İKTİDAR, MUHAFELETİ SIĞ SULARA ÇEKİYOR

Cuma günü gazetemizde yayımlanan Birgünce’de altı çizildiği gibi 7 Haziran seçimlerinde muhalefetin kazandığı kısmi başarının ardından, 1 Kasım’da AKP lehine bambaşka bir tablonun ortaya çıkmasında, iktidarın politikaları kadar muhalefetin de suskunluğunun payı olduğunu yeniden hatırlatmakta fayda var. Ülke siyasetindeki boşluk ve tıkanmanın, iktidar tarafından sığ sulara çekilen muhalefetin, mevcut politikalar arasında tercih yapmasından öte, bizzat meselelerin köklü çözümüne yönelik bir değişim ve kitleleri kucaklayacak irade talebiyle aşabileceği ortada duruyor.

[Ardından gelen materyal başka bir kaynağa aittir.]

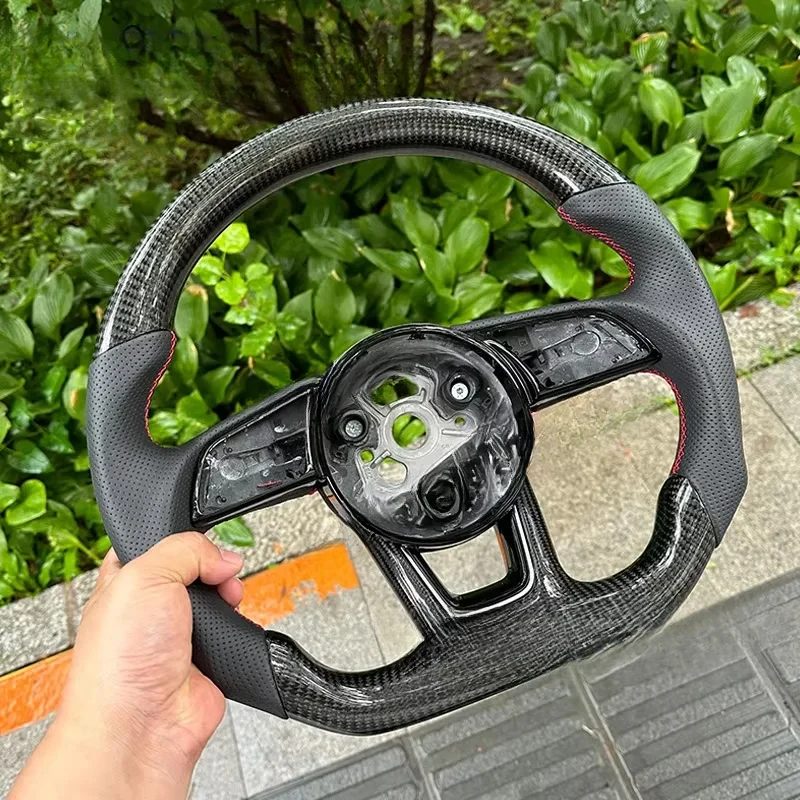 

Suitable For Audi A3 A4 A5 A6 A7 B9 A4L Q2 Q3 Q4 Q5 Q6 Custom Leather Carbon Fiber Steering Wheel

KÖKLÜ DEĞİŞİM TALEP EDİLMELİ

Konuya ilişkin görüşlerini BirGün’e aktaran CHP PM Üyesi Gökhan Günaydın, yerel seçimlerin, Türkiye’de uzunca bir süre ortaya çıkma işaretleri vermiş olan memnuniyetsizliği somut biçimde ortaya çıkardığını belirtti. “Bugün Türkiye’de yaşanan birçok büyük gelişmeyi günlük politikalarla ele alırsak biz de o trene binmiş oluruz” diyen Günaydın, tüm ülkenin tepeden tırnağa yeniden inşa edilmesi gerektiğini söyledi. Günaydın, “Dolayasıyla yeniden inşaya odaklanmayan ve örneğin ekonomik krizin sadece görünür haliyle konuşan bir muhalefetin şansı yok. Asil olan tarımdan sanayiye yeni bir restorasyon süreci için muhalefetin adım atmasıdır. Muhalefetin önümüzdeki süreçte kurultay dönemleri olacak, aktörler değişecek parti politikaları tartışılacak. Zaten yaklaşmakta olan erken seçim olasılığı muhalefeti büyük konulara daha fazla odaklanmaya zorlayacak. Önemli olan gelip geçici günlük politikalara göre değil, tersine ülkeyi ve bölgeyi doğru okuyup yeniden inşa edebilecek politikalara odaklanmayı becermek. Muhalefeti bekleyen asıl sorumluluk burada” diye konuştu.